Anak usia dini memiliki sifat-sifat multidimensional dari aktivitas anak tersebut. Sifat-sifat multidimensional yang dimiliki anak sebagai yaitu:

  1. ketika anak bergerak mereka mencari stimulus yang dapat meningkatkan kesempatan untuk belajar;
  2. anak menggunakan seluruh tubuhnya sebagai alat untuk belajar dan melibatkan semua alat indranya seperti merasakan, menyentuh, mendengar, melihat, mengamati suatu subjek atau melakukan eksplorasi; dan
  3. anak adalah peserta yang aktif dalam mencari pengalamannya sendiri.

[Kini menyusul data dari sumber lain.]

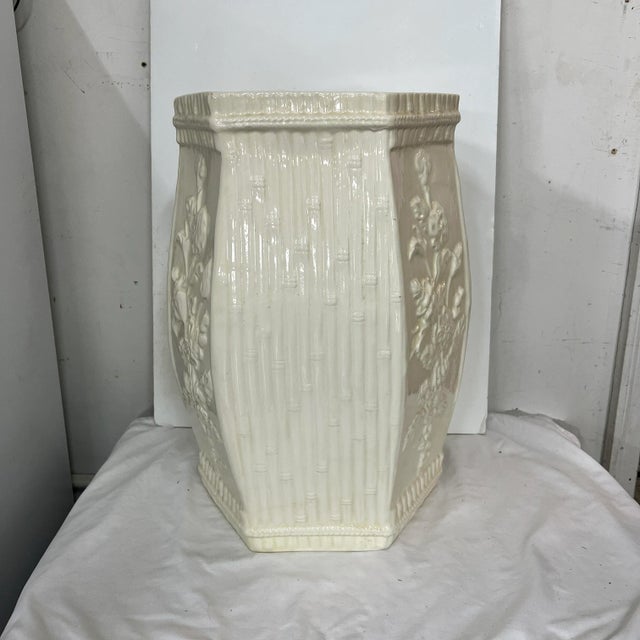 Chinoiserie garden stool with white on white patterned panels of bamboo and florals. Measures 12” diameter x 18” h. Could...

Oleh karena itu, sebagai guru atau praktisi dalam memfasilitasi belajar anak usia dini hendaknya memberi kesempatan kepada anak dengan berbagai rangsangan maupun kegiatan-kegiatan yang dapat merangsang indra anak dan sebaiknya anak memperoleh pengalaman secara langsung (hands on expeerince).

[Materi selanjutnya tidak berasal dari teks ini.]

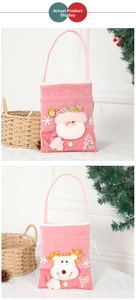 Detailed view of pink Christmas gift bags featuring plush Santa Claus and reindeer designs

2. Belajar anak dipengaruhi oleh kematangan

Kematangan merupakan suatu masa dimana pertumbuhan dan perkembangan mencapai titik kulminasi untuk melaksanakan tugas perkembangan tertentu. Kematangan yang dicapai oleh setiap individu pada prinsipnya berbeda. Oleh karena itu, sebagai guru anak usia dini guru harus memahami bagaimana kematangan anak itu dapat dicapai dan menetapkan apa yang harus dicapai dalam memfasilitasi kematangan tersebut.

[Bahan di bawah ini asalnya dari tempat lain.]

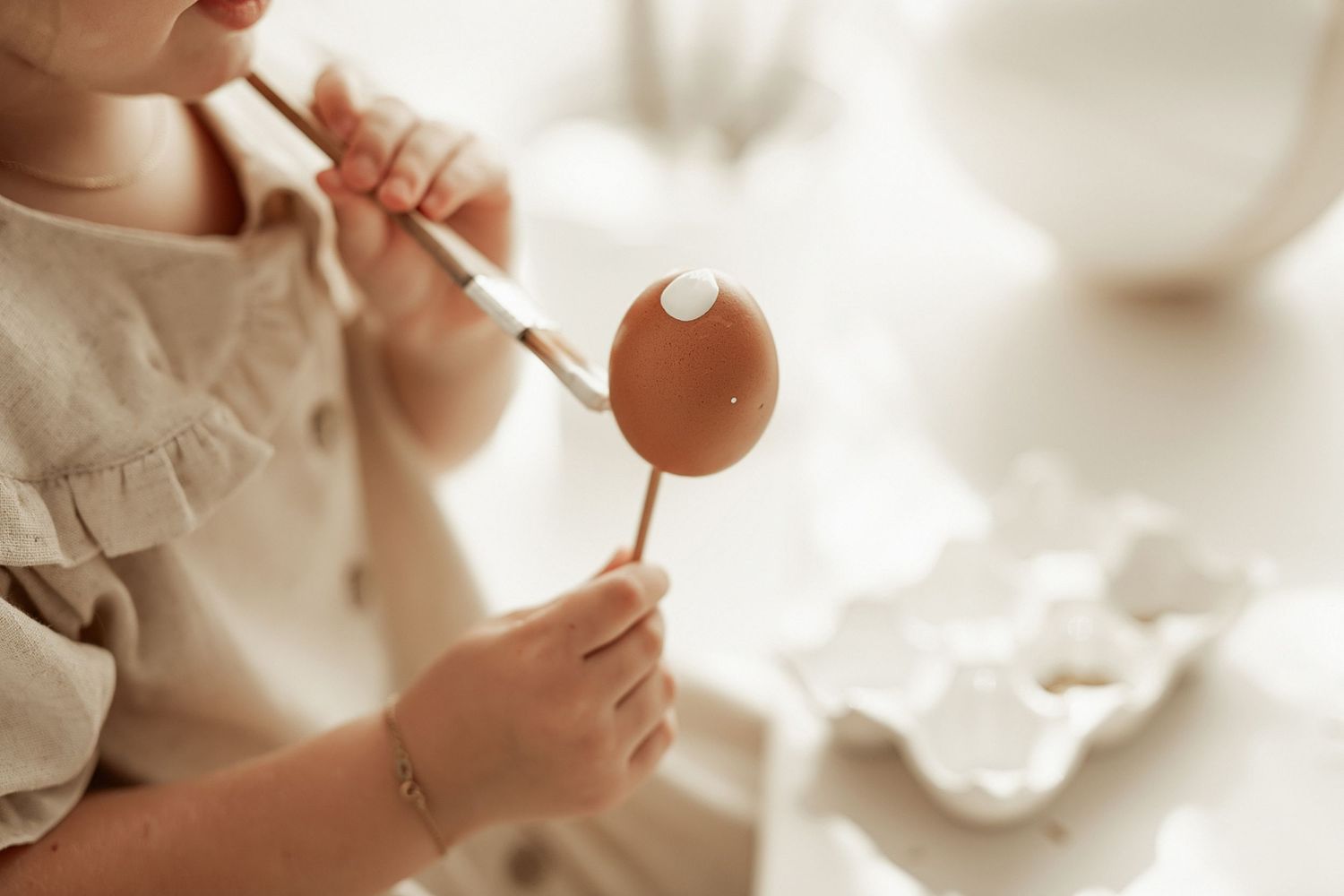 Someone holding a paintbrush delicately painting a brown Easter egg in soft natural light.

3. Belajar anak dipengaruhi oleh lingkungan

Anak memperoleh pengetahuan dan keterampilan tidak hanya dari kematangan, tetapi lingkungan juga memberikan kontribusi yang sangat berarti dan sangat mendukung proses belajar anak. Anak akan belajar dengan baik apabila anak merasa aman dan nyaman secara psikologis. Agar belajar anak optimal, maka diperlukan lingkungan baik lingkungan fisik maupun psikologis yang dapat menstimulasi anak untuk melakukan berbagai aktivitas sehingga anak dapat mengembangkan pemahaman barunya. Pemahaman anak diperoleh melalui mengamati atau berpartisipasi dengan guru, dengan anak- anak lain, dan atau dengan orang dewasa lainnya.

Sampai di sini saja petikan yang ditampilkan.